Is Your Networking Not Working?by Marnie Hoolahan, November 2019
Networking! You know, that activity that one either embraces or goes running away from as quickly as possible. For many, the word evokes a grueling, overwhelming, unnatural process, and something that requires stepping way out of one’s comfort zone.
But I have two pieces of good news…
First, networking is an incredibly effective tool for your professional development. Biopharma companies run on relationships; it’s the oil in the engine. We are a matrixed, cross-functional, ecosystem that demands connections. The stronger and more authentic your relationships, the more opportunities you’ll discover for growing your career, contributing to the success of your company, and expanding your circle of trust. Networking opens the door to more of these vital connections.
Second, it’s a learned skill. Of course, some people have an easier time striking up a conversation with a stranger at a conference or reaching out to another professional on LinkedIn. But anyone can be successful at making these connections — it’s more about technique and practice than personality type or style.
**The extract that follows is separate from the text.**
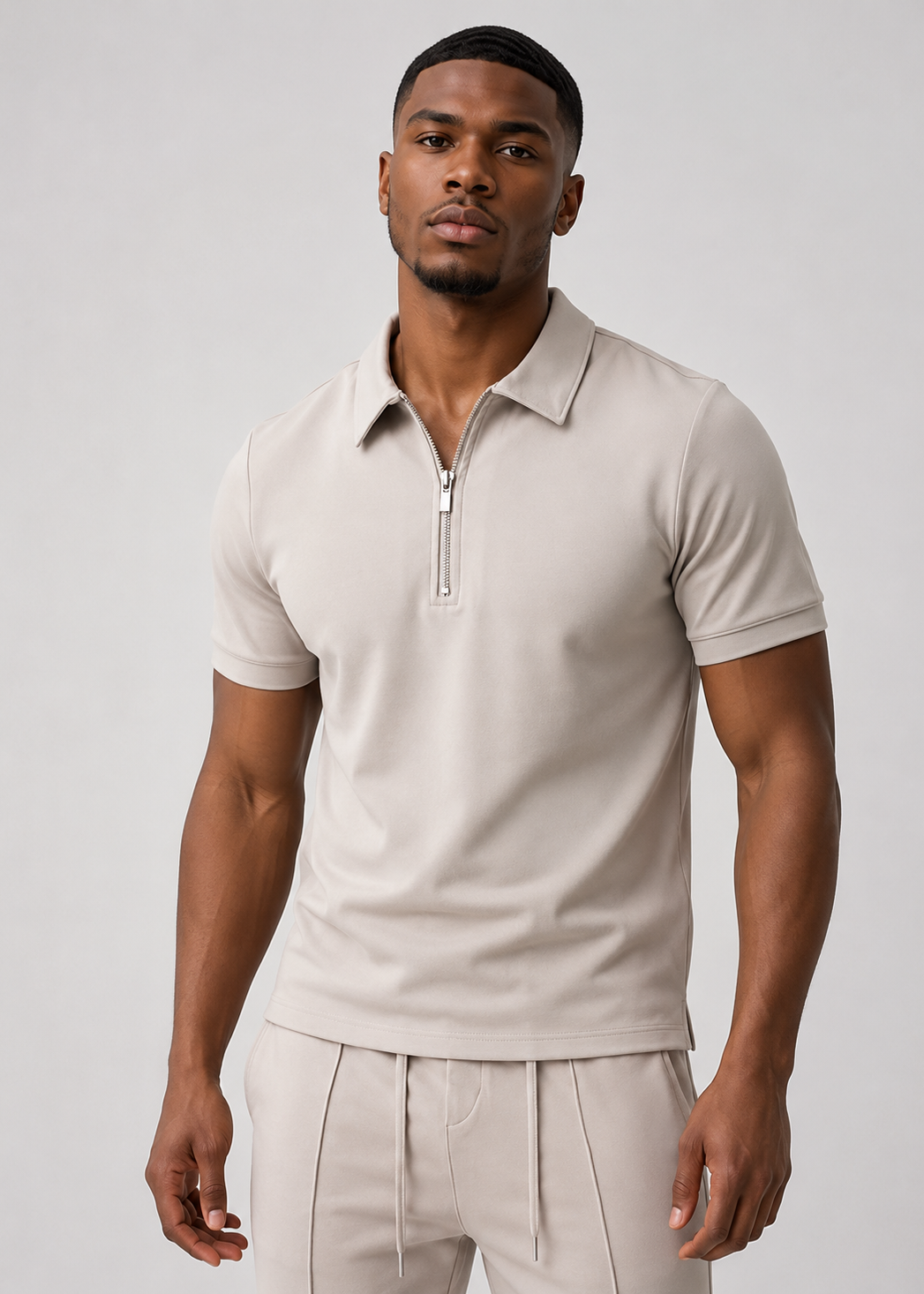 Checkered Zipper Polo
With some simple tweaks to your networking approach and mindset, you can overcome any fears you may have.
Two mantras to keep in mind as you move ahead:
Most people want to help others if they can.
What is the worst that can happen?
Here are four suggestions for expanding your networking effectiveness:
#1. Think relationship, not transaction.
For some people, networking is primarily about trading things of value — “you scratch my back and I’ll scratch yours.” There’s nothing inherently wrong with that, but to me, those connections are short-lived, and they underutilize the potential of what it means to connect in a deeper way.
Simply put, networking is about building relationships.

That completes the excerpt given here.